Berlin, 14 mars 1741.



Sire,

La Gazette française de Berlin, en parlant de la conspiration, a effrayé et fait frémir tous les honnêtes gens. J'avouerai à V. M. que je<104> n'ai l'esprit occupé que de cette idée, que j'ai tout le temps de considérer dans le silence du cabinet. Le fait une fois avéré, les personnes capables d'un aussi noir dessein ne peuvent être que couvertes de confusion et d'ignominie. Les ecclésiastiques catholiques ne sont pas moins à craindre : ils le sont même peut-être plus, parce que leurs démarches sont cachées et couvertes du voile ténébreux de la religion. Dieu veuille préserver V. M. d'accidents! Je m'appliquerai plus soigneusement à la vertu, afin que mes prières soient exaucées, car on dit qu'il n'y a que celles des justes qui le soient.
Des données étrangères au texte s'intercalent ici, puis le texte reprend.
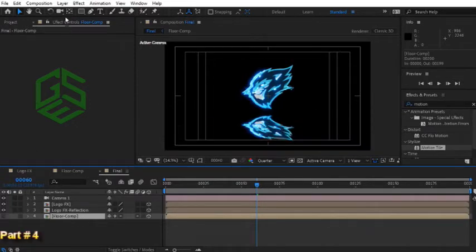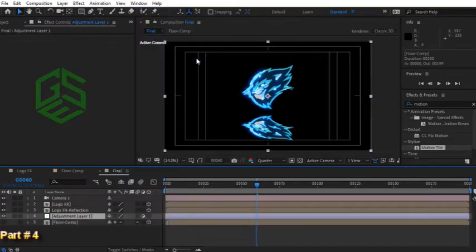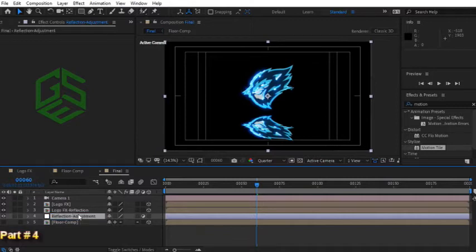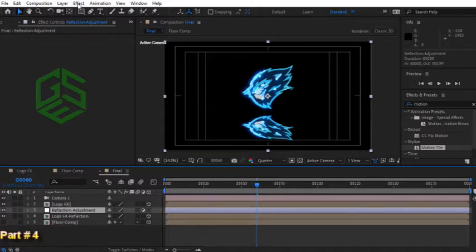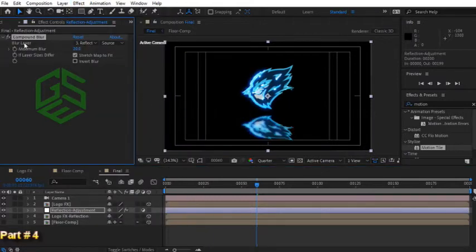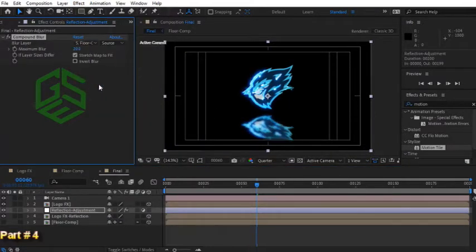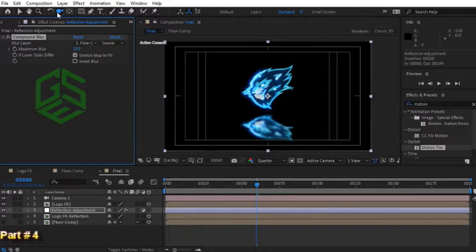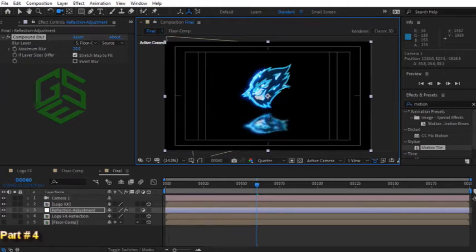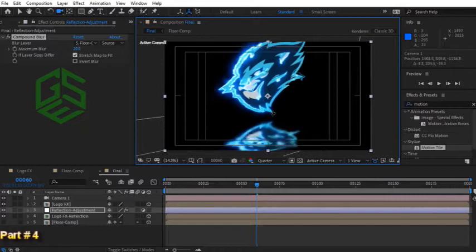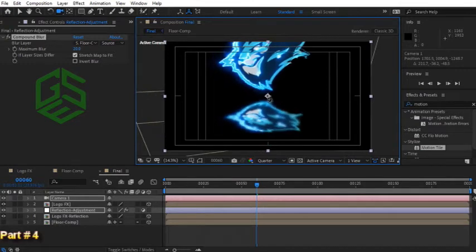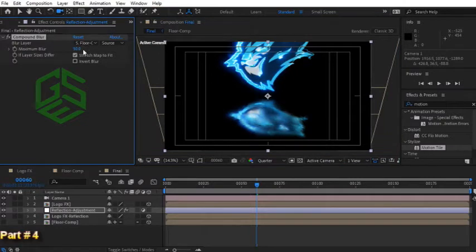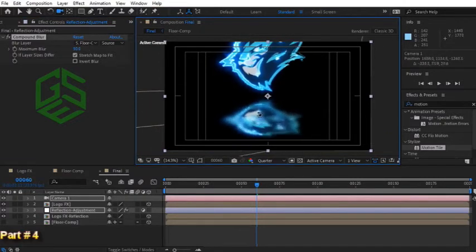Now to have a nice reflection we need an adjustment layer. Add an adjustment layer to this position. Rename it to reflection adjustment and drag it above the logo FX reflection layer. Now let's add a blur effect. From menu choose effect, blur and sharpen, compound blur. For blur layer option choose floor comp. Now to see this effect clearly let's press C several times to see this camera icon for your mouse. Or you can click on this camera button up here. Drag in composition window to move your camera around. To zoom in and zoom out you can right click and drag the mouse. To pan press your middle mouse button. Now you can see this nice mirror reflection effect on your floor layer. Let's increase maximum blur option to have a better result. For example set it to 15. Nice effect isn't it? I love this type of reflection effect.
La cour de Saxe, dit-on, demande une princesse de cette maison pour le prince royal de Pologne; la reine de Hongrie cédera toute la Silésie, moyennant quarante mille hommes que V. M. lui accorde : voilà deux nouvelles qui n'ont pas même de la vraisemblance. Celle-ci en a une nuance : c'est que la cour impériale est fort embarrassée.

Le voyage de M. de Valori fournit matière à bien des conjectures politiques; il y a, ma foi, de quoi épuiser l'art conjectural, quand il aura été asservi à des règles fixes et invariables par M. de Wolff, comme il le promet.

Madame de Rocoulle, qui se porte un peu mieux, m'a chargé de la mettre aux pieds de V. M. Quand aurai-je la consolation de pouvoir faire ma cour, à Berlin, après une paix stable et constante, à celui qui est la consolation de tout Israël? Je demande grâce pour ces derniers mots théologiques, et j'ai l'honneur, etc.